There are about 1,020 communities in Ghana without mobile signals. Traditional 2G, 3G or 4G networks require expensive and bulky equipment to deploy and operate in these communities. These hardware-based networks are difficult and pricey to upgrade.
Parallel Wireless says it enables a shift to open, software-based, and virtualized OpenRAN network architectures to deliver scalable 2G, 3G, 4G and 5G software-based networks. These are, the company says, cost-effective to deploy and maintain and can deliver coverage and capacity to end users and businesses across the country. GIFEC is set to enable the deployment of some 2,000 OpenRAN sites.

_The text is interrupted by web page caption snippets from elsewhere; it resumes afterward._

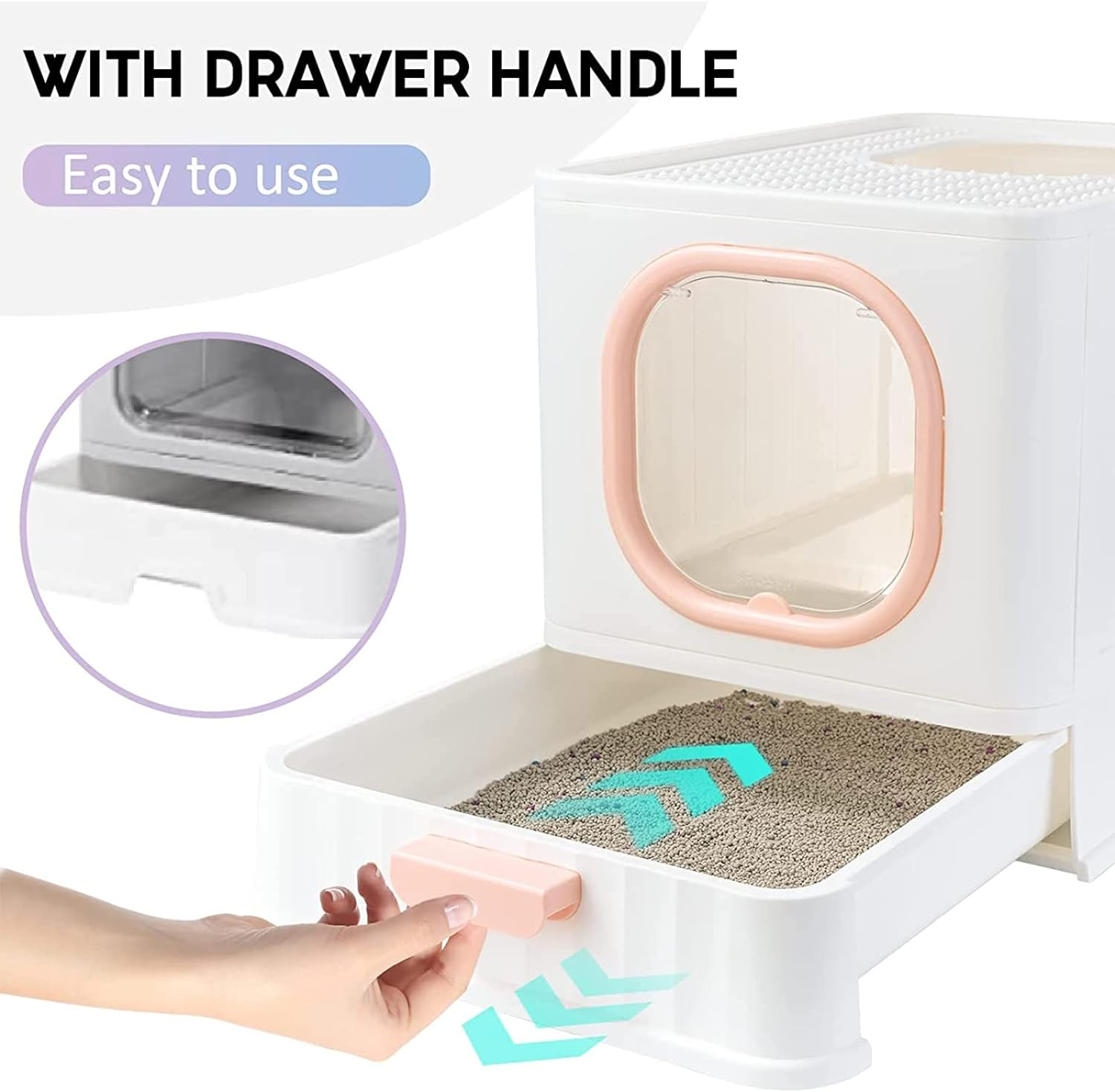 Cat Litter Box,Foldable Cat Litter Box with Lid, Anti-Splshing Cat Kitty Litter Pan, Large Cat Potty Front Entry Top Exit, Drawer Type Cat Toilet Easy Clean with Fashion Cat Litter Scoop image number 4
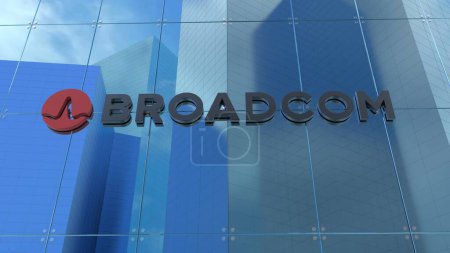 Foto de Broadcom Esta animación 3D muestra la fachada de cristal de un edificio de oficinas contemporáneo. Solo para uso editorial. - Imagen libre de derechos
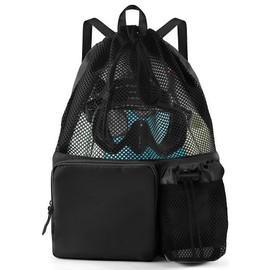 ReignSword Large Capacity Mesh Swim Backpack with Pocket Drawstring, Waterproof Beach Bag for Swimming, Gym, and Workout Gear (Black)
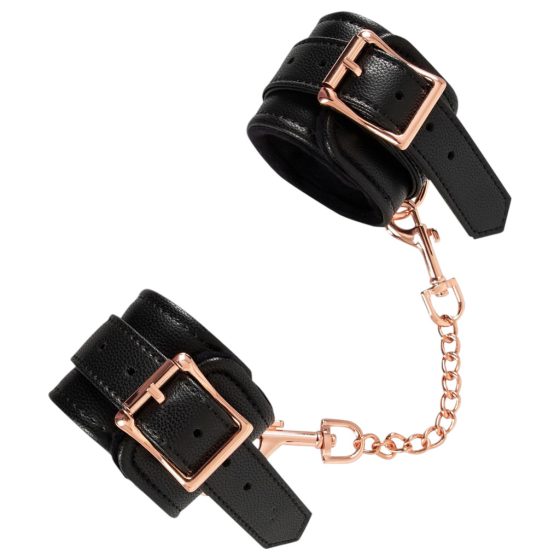 Bad Kitty - handcuffs with chain (black-rose gold)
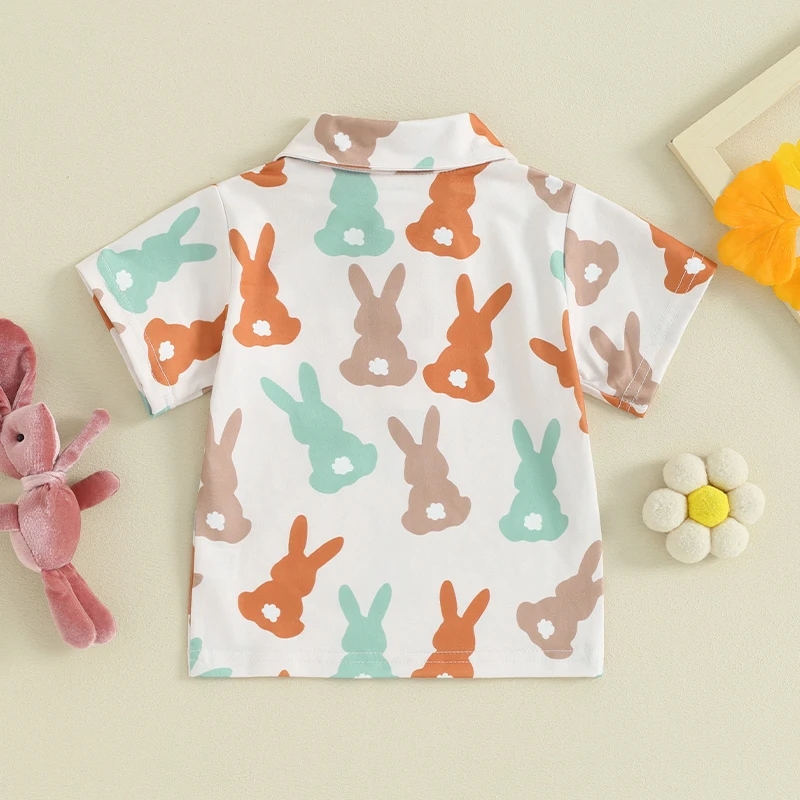 Summer St. Patrick's Day Kids Boys T-shirt Short Sleeve Shirt Bunny Clover Print Tops Clothes boys short sleeve shirts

The Ghana Investment Fund for Electronic Communications (GIFEC) is a special fund set up by the government of Ghana under the country’s Electronic Communications Act 2008, designed to provide telecommunications and ICT services to unserved, underserved and deprived groups and communities in the country. GIFEC is a Universal Access Service Fund. The UASF is an institutional and funding instrument designed to achieve universal access through monies collected from identified communications service providers.
Parallel Wireless claims the industry’s only unified 5G/4G/3G/2G software-enabled OpenRAN solution. The company is engaged with more than 50 leading operators worldwide.